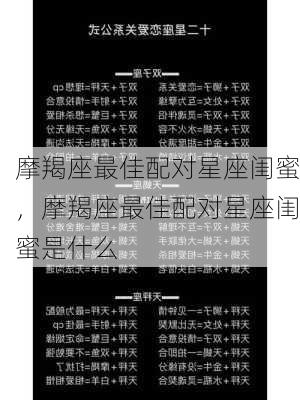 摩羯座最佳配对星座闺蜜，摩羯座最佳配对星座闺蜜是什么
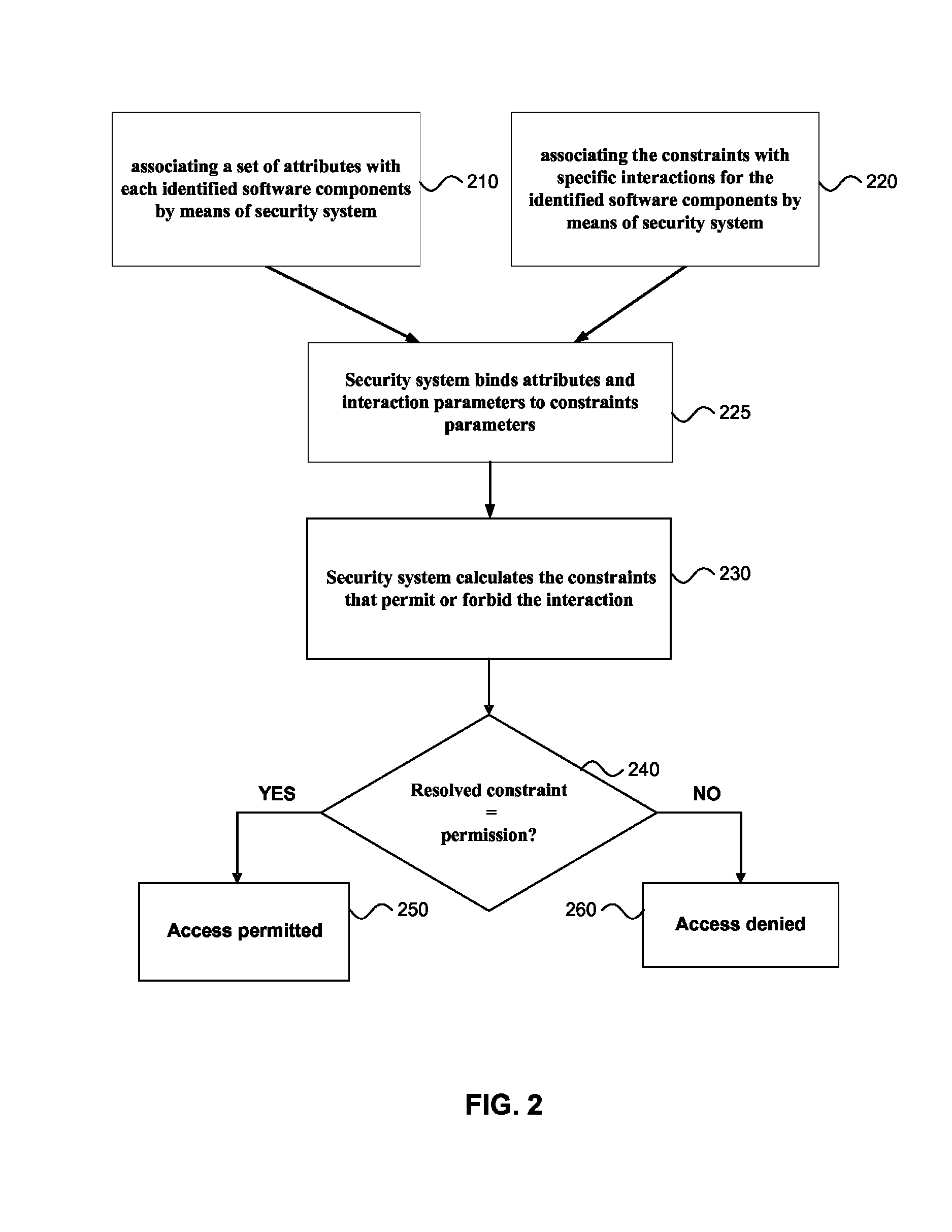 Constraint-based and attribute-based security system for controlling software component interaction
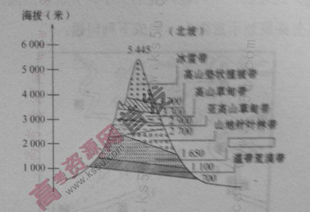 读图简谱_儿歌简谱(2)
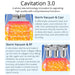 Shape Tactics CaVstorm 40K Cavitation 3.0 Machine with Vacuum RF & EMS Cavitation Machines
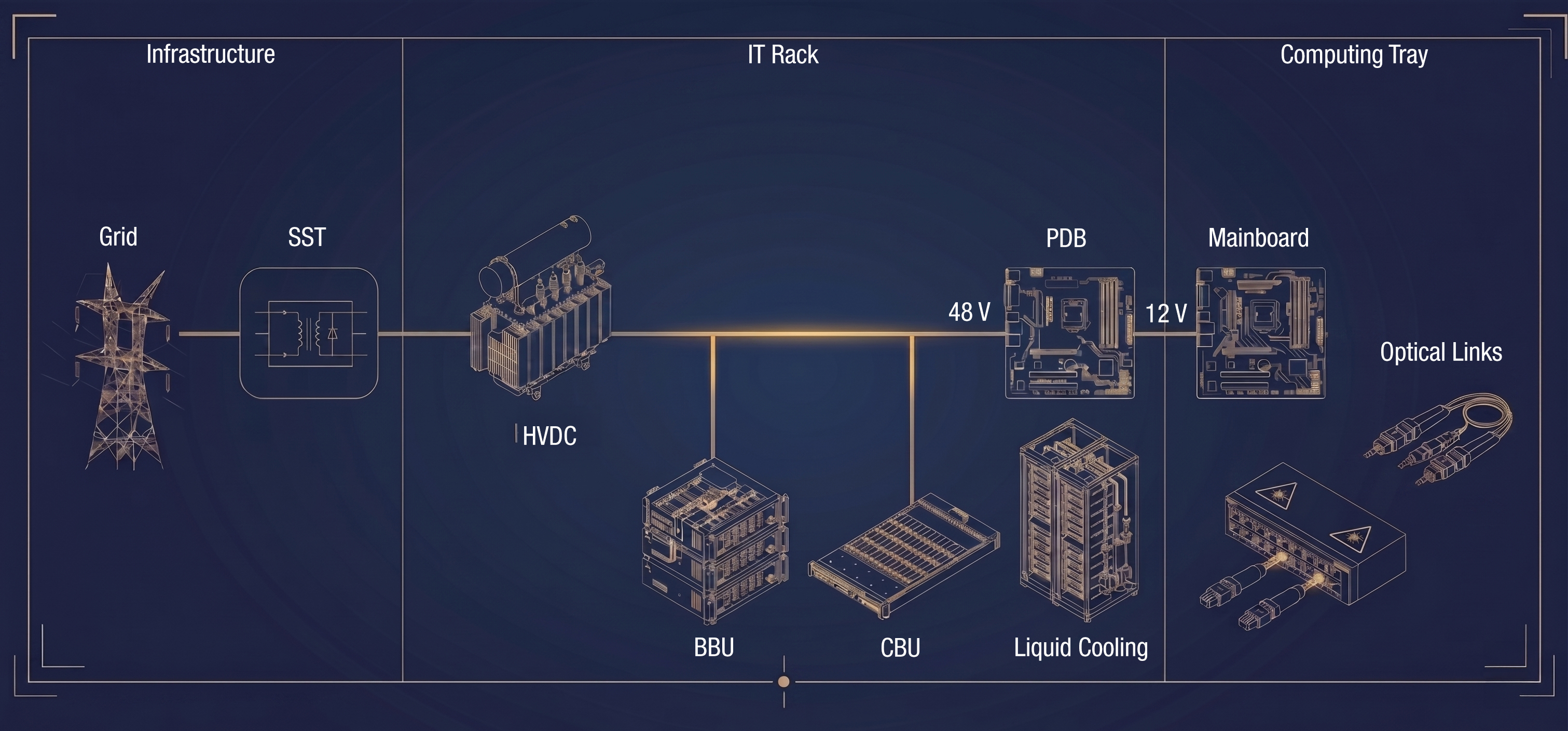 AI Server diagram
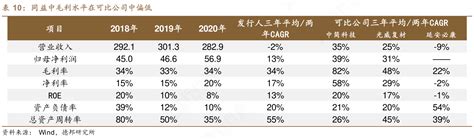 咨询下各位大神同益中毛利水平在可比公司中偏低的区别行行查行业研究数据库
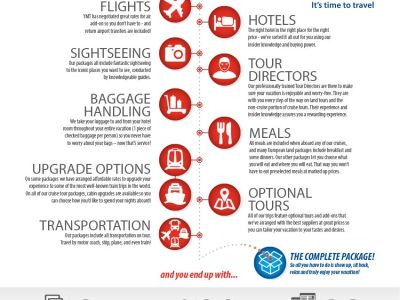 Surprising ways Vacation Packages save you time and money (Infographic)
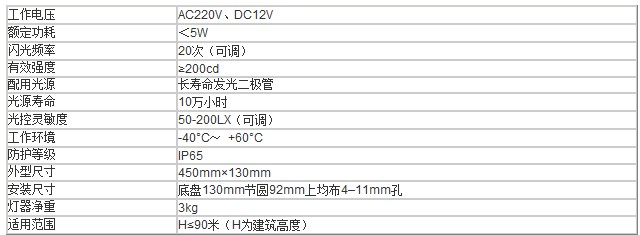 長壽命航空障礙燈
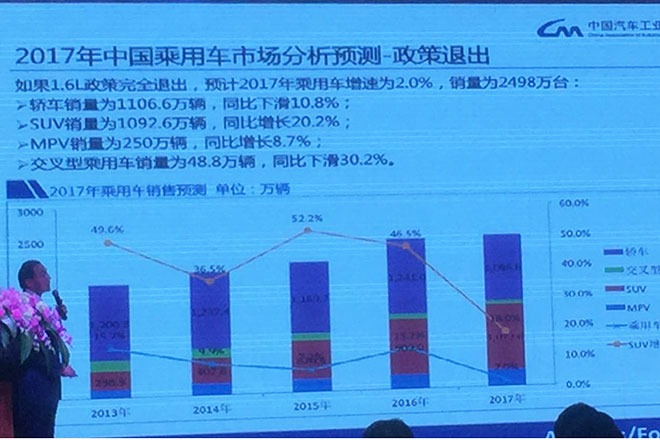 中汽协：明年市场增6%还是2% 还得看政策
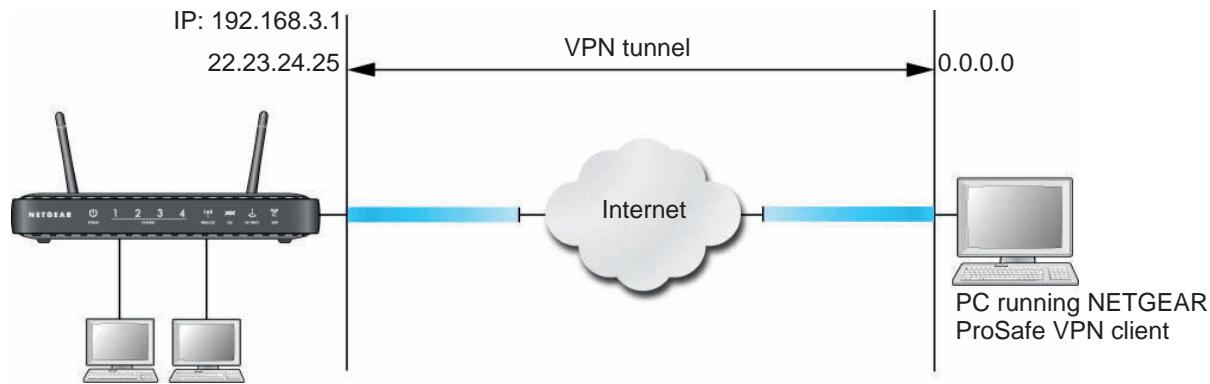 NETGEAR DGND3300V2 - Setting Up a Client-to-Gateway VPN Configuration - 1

□ □ □

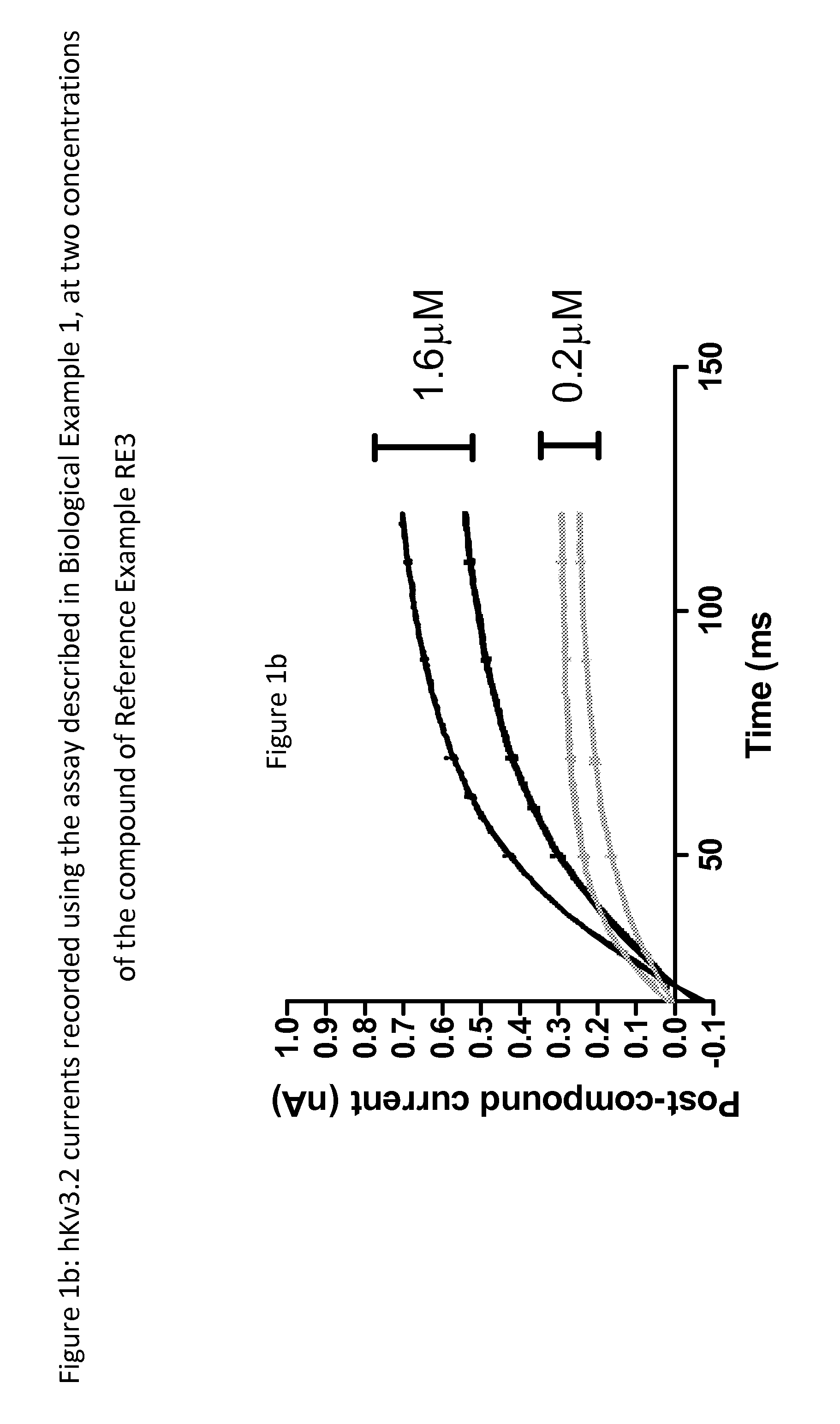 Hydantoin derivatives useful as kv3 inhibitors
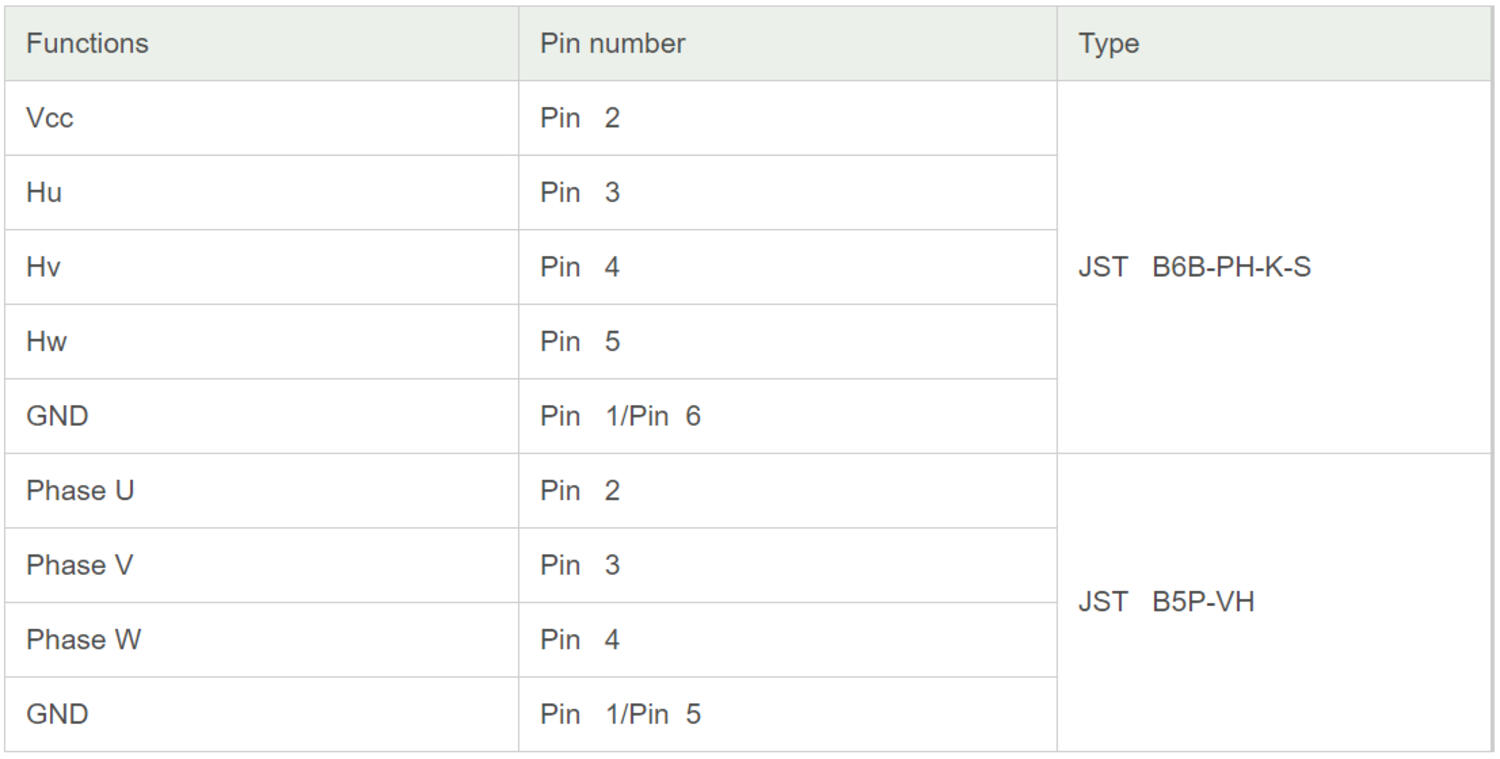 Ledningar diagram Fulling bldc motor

□ □ □

• **Your instructions**:
Above, find the line with "咨询下各位大神同益中毛利水平在可比公司中偏低的区别行行查行业研究数据库"; copy it and every line down to the line with "NETGEAR DGND3300V2 - Setting", exactly and both included, but no pictures.

• **Answer space**:
 咨询下各位大神同益中毛利水平在可比公司中偏低的区别行行查行业研究数据库
 Surprising ways Vacation Packages save you time and money (Infographic)
 長壽命航空障礙燈
 中汽协：明年市场增6%还是2% 还得看政策
 NETGEAR DGND3300V2 - Setting Up a Client-to-Gateway VPN Configuration - 1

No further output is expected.